This past weekend, in preparation for my long run, I picked up a chocolate milk at the grocery store. With eight miles on the schedule, I really craved the comfort of a good recovery drink, and chocolate milk always does the trick for me.
Today, let’s talk about the best recovery drinks for runners.
First and foremost, we have good ol’ H20. If you read my blog, you probably know that I loathe plain water, but honestly, it’s just good for you. Water rehydrates you after exercise and exertion. It also helps flush out toxins that can lead to soreness. It’s your first defense in the recovery battle, and runners are well-served making use of this tool in their arsenal.
Next up, we have water’s big sister, coconut water. Coconut water has a very distinctive flavor, but it also packs a bit more of a punch than water. It’s all natural and has the same rehydrating power as water, but it also has plenty of electrolytes, potassium, and magnesium. These attributes make it enormously helpful to recovery after workouts.
Nuun Sport is the sports drink/electrolyte replacer I always turn to when I need a little bit more than hydration. It’s fizzy, it’s flavorful, and it comes packed with the minerals you need to recover. There’s also a little bit of sodium in there, which is great for replacing the salt athletes lose when they sweat. That sodium depletion is what leads to cramps, so replacing that loss is extra important.
Funny story. I have never liked chocolate milk. Once I reached adulthood, I never drank any kind of milk, other than in cereal or coffee. In fact, one of the tells I was pregnant was a sudden, insatiable need for milk. Once A was born, it went right back to being disgusting. However, someone suggested chocolate milk after at the end of a half marathon (which I initially thought sounded vile on all counts), but man, was it the answer to a prayer. Chocolate milk (post-run) is cold, creamy, delicious, and full of calcium and carbs to help build up and restore those tired muscles.

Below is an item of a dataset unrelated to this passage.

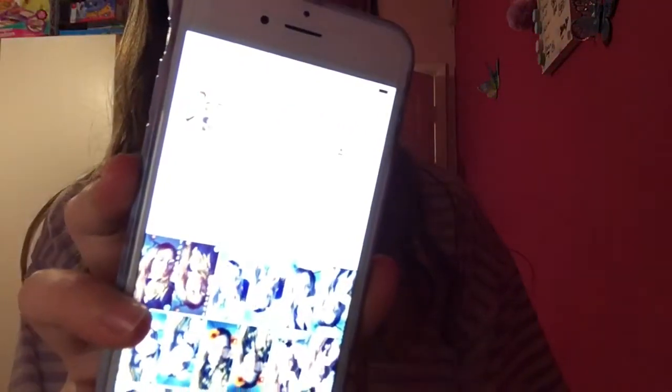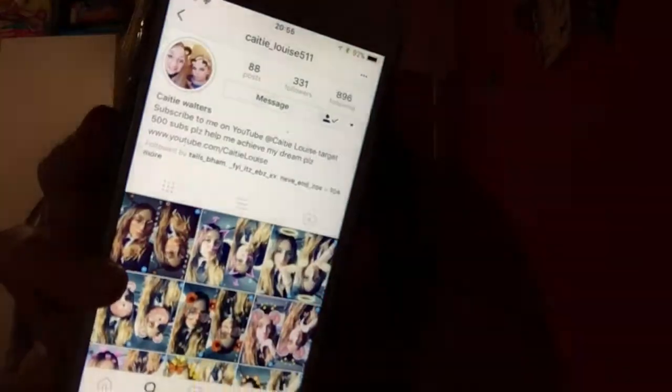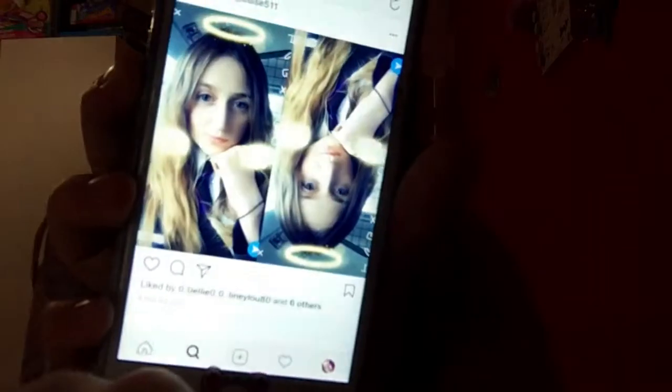The first person I'm going to recreate is my friend Caitlyn. If you want to go follow her on Instagram, it's katielouise511. The photo I'm going to try and recreate is this one, but I'm not going to be able to do it that well because she goes to a different school and I haven't got a school uniform.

Which brings us to beer. So many races, from 5Ks to ultras, offer a celebratory beer at the finish line. Sure, it’s part of a social celebration, and it’s fun to toss back a cold one, but beer also has some restorative properties that are great for post-run recovery. While alcohol can lead to dehydration, beers with lower alcohol content shouldn’t negatively effect you too badly. They also have some electrolytes and some carbs, both of which are essential to recovery. Cheers!
What’s your favorite recovery drink?